Toyota Yaris: rápida observação sobre os motores oferecidos no modelo brasileiro

O recente lançamento do Toyota Yaris no Brasil, já na 3ª geração mundial com uma clara divisão entre os modelos destinados a países desenvolvidos e a versão "emergente" que foi lançada no nosso país, não deixa de chamar a atenção por alguns aspectos. Não vale nem a pena entrar no mérito de um eventual fogo amigo contra o Etios, com o qual o modelo já convive em outros mercados como a África do Sul, além de haver uma situação semelhante com a Volkswagen que apesar de ter lançado a atual geração do Polo não eliminou o Gol como poderia parecer justificável. Já entre as opções de motorização, o posicionamento bastante conservador da Toyota me parece merecedor de destaque.

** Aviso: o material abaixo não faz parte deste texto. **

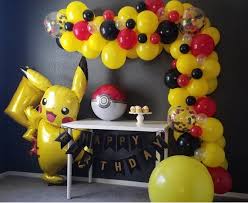 Pikachu I Choose You Pokemon Balloon Garland Kit Includes Balloon Pump Wall Hooks Twine Balloon Decorations Pokemon Party Decorations Pokemon Party Pokemon Birthday Party
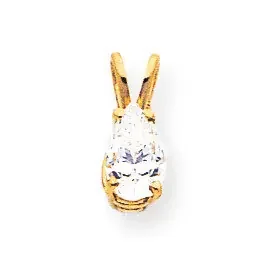 8×5 Pear Pendant Mounting 14k Gold XP425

Apesar da tentativa de fazer do Yaris sino-tailandês um "compacto premium", algo que não foi possível forçar a barra com o Etios devido às evidências de um projeto voltado ao terceiro mundo, não deixa de soar surpreendente que a Toyota tenha aberto mão da possibilidade de oferecer um motor de 1.0L numa versão básica. Tendo em vista que essa opção já é oferecida tanto para o modelo mais sofisticado na Europa e no Japão quanto para o "emergente" em alguns países, não seria de todo impossível estender tal oferta ao Brasil caso não houvesse um evidente interesse em se desvencilhar do estereótipo de carro "popular" que essa faixa de cilindrada carrega. Portanto, sobram apenas os motores 1NR-FBE de 1.3L e 2NR-FBE de 1.5L também usados no Etios, mas com uma calibração para mais potência no Yaris.

A estratégia conservadora na escolha de motorizações não deixa de se destacar de forma negativa ao considerarmos que a Toyota perdeu uma oportunidade de trazer os motores 1NR-FKE e 2NR-FKE que emulam o ciclo Atkinson como se faz na maioria dos automóveis híbridos, de modo a favorecer a eficiência termodinâmica sem ter de lançar mão do turbo e da injeção direta como já está se tornando menos incomum entre concorrentes como o Volkswagen Polo que é hoje a referência do segmento. No entanto, é impossível ignorar que é uma aposta bastante segura, tendo em vista que o "toyoteiro" não costuma fazer muita questão do motor mais moderno e aposta na fama de indestrutível da marca. Também não deixa de merecer algum destaque a maior facilidade para converter um motor de injeção sequencial convencional para o gás natural em comparação a motores de injeção direta.

Não se pode negar que a Toyota hoje figura entre as empresas mais conservadoras no mercado automotivo brasileiro. Ainda que a marca seja vista com uma aura de alta tecnologia frequentemente associada ao Japão, e que o câmbio CVT com simulação de 7 marchas no modo sequencial faça jus a tal percepção, em matéria de motores é nítida a pouca disposição a uma maior ousadia. Enfim, seria injusto classificar o Yaris como medíocre tomando como referência os motores, que cumprem bem a função para a qual se destinam sem causar maiores dissabores a uma parcela ainda expressiva do público que permanece mais receptiva a motores de uma concepção relativamente simples.